Christ, our true nourishment

1 August 2023

Clearly the impressive number of people who went to meet Christ didn’t do so in the expectation of a free meal. They went to satisfy a different hunger: the hunger for his teaching, sweeter than ‘honey and beeswax’. When Christ saw their ardent desire, he took pity on them. First he healed their sick without asking for proof or confession of their faith. Indeed, as Saint John Chrysostom asks, what greater proof of their faith was required when they’d left their homes and villages in order to seek him. They walked so far, all around the lake and stayed with him for so long, without eating, indifferent to the hunger which had begun to gnaw at them.

Don’t cross your arms

As evening approached, the disciples also showed their own pity for the crowd and urged Christ to let them go and eat. Much to their surprise, Christ said to them, ‘There’s no need for them to go anywhere. Give them food yourselves’. In other words, Christ says to them and us, ‘Even in the face of the most unsurmountable problem, don’t be in a hurry to cross your arms and wait for solutions from heaven. First exhaust all your own resources, however few these may seem to you. And I’ll multiply this minimal contribution of yours in a way beyond your imagination’.
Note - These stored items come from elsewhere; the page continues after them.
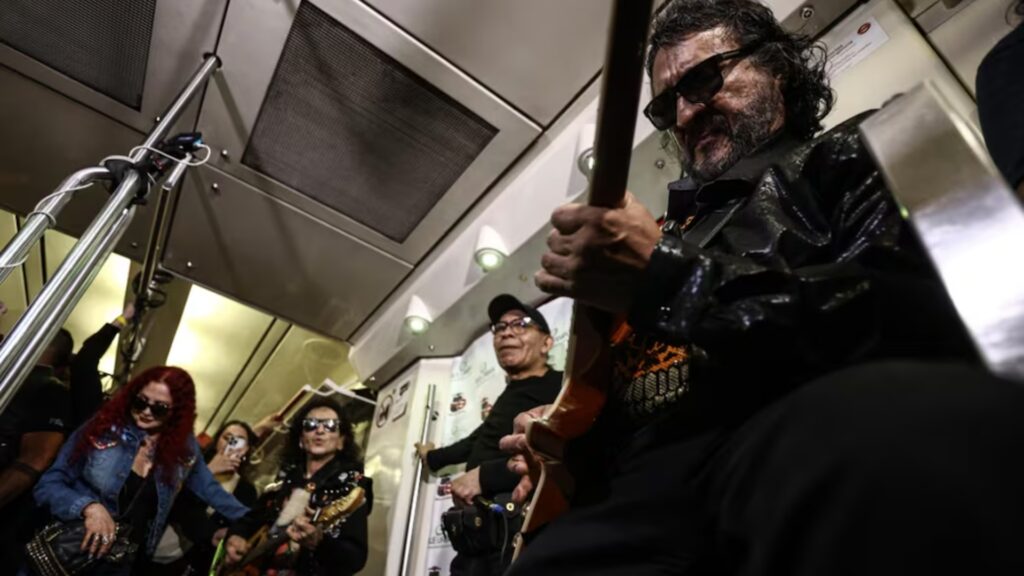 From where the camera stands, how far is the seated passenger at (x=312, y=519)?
2533 mm

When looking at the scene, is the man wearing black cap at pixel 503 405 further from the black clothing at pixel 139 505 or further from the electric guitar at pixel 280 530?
the black clothing at pixel 139 505

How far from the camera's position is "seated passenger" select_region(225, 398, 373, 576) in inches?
99.7

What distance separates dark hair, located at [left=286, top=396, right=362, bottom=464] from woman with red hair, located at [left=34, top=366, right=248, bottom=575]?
49 centimetres

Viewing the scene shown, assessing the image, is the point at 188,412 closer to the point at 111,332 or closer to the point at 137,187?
the point at 111,332

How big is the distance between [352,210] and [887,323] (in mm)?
2786

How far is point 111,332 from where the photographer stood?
119 inches

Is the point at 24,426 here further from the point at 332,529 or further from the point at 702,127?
the point at 702,127

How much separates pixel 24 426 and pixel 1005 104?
3253 mm

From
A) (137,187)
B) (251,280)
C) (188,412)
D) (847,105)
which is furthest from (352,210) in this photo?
(847,105)

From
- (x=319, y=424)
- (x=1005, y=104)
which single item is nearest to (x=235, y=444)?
(x=319, y=424)

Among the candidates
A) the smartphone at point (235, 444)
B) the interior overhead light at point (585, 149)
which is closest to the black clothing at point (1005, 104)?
the interior overhead light at point (585, 149)

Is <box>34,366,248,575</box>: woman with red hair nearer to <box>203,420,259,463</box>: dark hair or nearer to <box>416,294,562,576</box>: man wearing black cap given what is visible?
<box>203,420,259,463</box>: dark hair

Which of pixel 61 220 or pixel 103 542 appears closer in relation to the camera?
pixel 103 542

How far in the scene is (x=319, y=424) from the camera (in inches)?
125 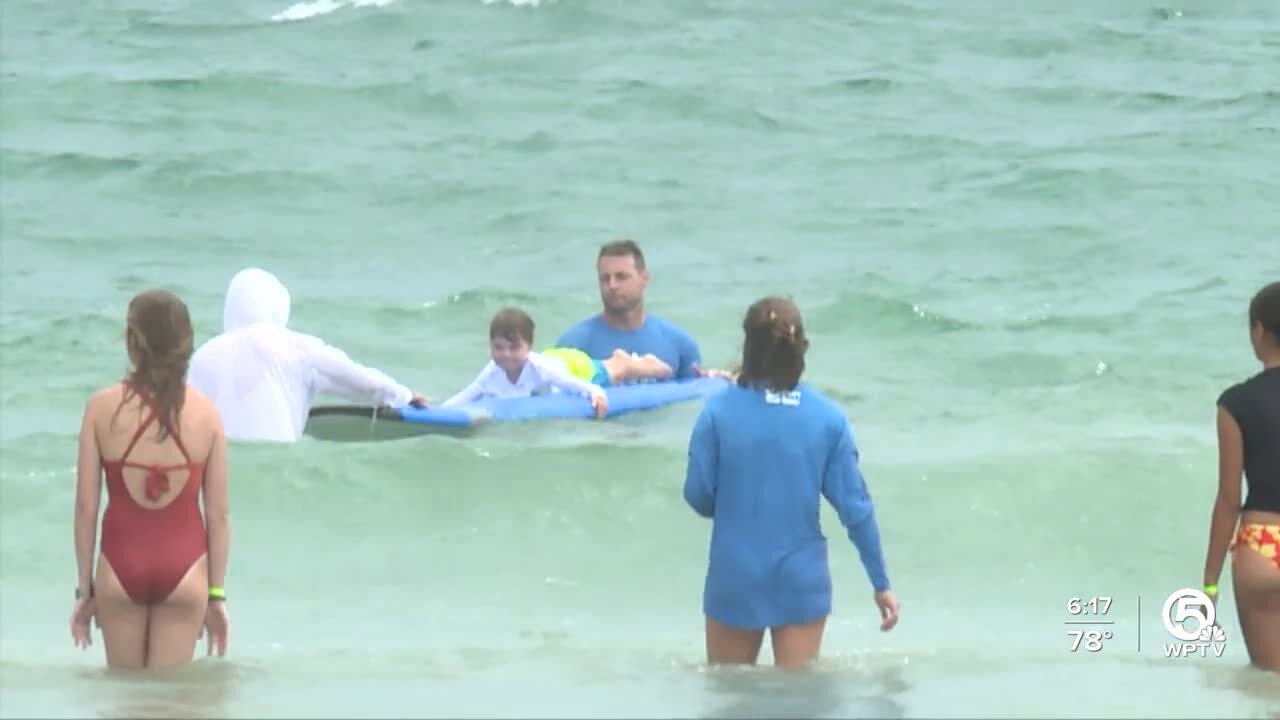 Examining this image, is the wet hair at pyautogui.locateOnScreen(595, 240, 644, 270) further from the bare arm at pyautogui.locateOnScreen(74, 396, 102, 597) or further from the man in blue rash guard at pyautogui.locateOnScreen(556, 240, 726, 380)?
the bare arm at pyautogui.locateOnScreen(74, 396, 102, 597)

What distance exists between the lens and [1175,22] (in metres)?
27.6

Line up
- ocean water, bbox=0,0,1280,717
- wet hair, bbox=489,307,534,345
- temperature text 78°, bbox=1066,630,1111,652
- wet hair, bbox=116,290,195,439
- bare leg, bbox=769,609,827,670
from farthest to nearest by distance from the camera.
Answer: wet hair, bbox=489,307,534,345 < temperature text 78°, bbox=1066,630,1111,652 < ocean water, bbox=0,0,1280,717 < bare leg, bbox=769,609,827,670 < wet hair, bbox=116,290,195,439

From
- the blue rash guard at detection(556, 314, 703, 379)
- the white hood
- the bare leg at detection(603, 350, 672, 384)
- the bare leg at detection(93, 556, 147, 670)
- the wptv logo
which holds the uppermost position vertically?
the white hood

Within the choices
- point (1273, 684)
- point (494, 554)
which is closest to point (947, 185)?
point (494, 554)

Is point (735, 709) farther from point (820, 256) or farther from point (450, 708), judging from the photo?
point (820, 256)

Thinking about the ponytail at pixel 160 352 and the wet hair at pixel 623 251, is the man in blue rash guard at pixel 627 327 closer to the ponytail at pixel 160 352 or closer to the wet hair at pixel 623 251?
the wet hair at pixel 623 251

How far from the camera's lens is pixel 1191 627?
307 inches

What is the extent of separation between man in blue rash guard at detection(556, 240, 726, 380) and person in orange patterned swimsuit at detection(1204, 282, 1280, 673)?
491 centimetres

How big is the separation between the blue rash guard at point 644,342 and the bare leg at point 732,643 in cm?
477

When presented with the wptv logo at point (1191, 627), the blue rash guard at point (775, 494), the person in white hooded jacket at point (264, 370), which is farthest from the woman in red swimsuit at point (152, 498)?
the wptv logo at point (1191, 627)

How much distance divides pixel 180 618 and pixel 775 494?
1.62 m

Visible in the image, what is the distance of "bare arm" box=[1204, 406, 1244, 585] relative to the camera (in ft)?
19.0

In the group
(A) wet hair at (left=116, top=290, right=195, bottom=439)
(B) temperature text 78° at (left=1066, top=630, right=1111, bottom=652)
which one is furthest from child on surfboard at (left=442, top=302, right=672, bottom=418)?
(A) wet hair at (left=116, top=290, right=195, bottom=439)

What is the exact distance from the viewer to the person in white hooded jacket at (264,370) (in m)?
8.36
Who would ever have thought that in the darkness of the Turkish occupation of Greece, so many schools would have been founded by an impoverished monk? And yet it happened. The renown of the life of Saint Kosmas Aitolos and his fiery oratory were such that even Turkish officials contributed money for Christan schools. The ‘loaves’ of his oratory, leavened with the tears of his prayers and the sweat of hours of walking, continue to satisfy countless hosts of Christians to this day.

‘Not by bread alone’.

Christ attributes inestimable value to our smallest contribution, especially when this is made in the spirit of genuine love and sacrifice. In this spirit, the disciples willingly offered their own food, preferring to go without themselves so that even a few could eat well. And even though Christ would have been able to turn the stones there into bread or to bring down manna from heaven, he preferred their five loaves and two fish. When he’d multiplied them, he told the disciples to assist in the great miracle with their own hands. It’s a great honor and, at the same time, a great responsibility that God wants us to work with him in his wondrous works.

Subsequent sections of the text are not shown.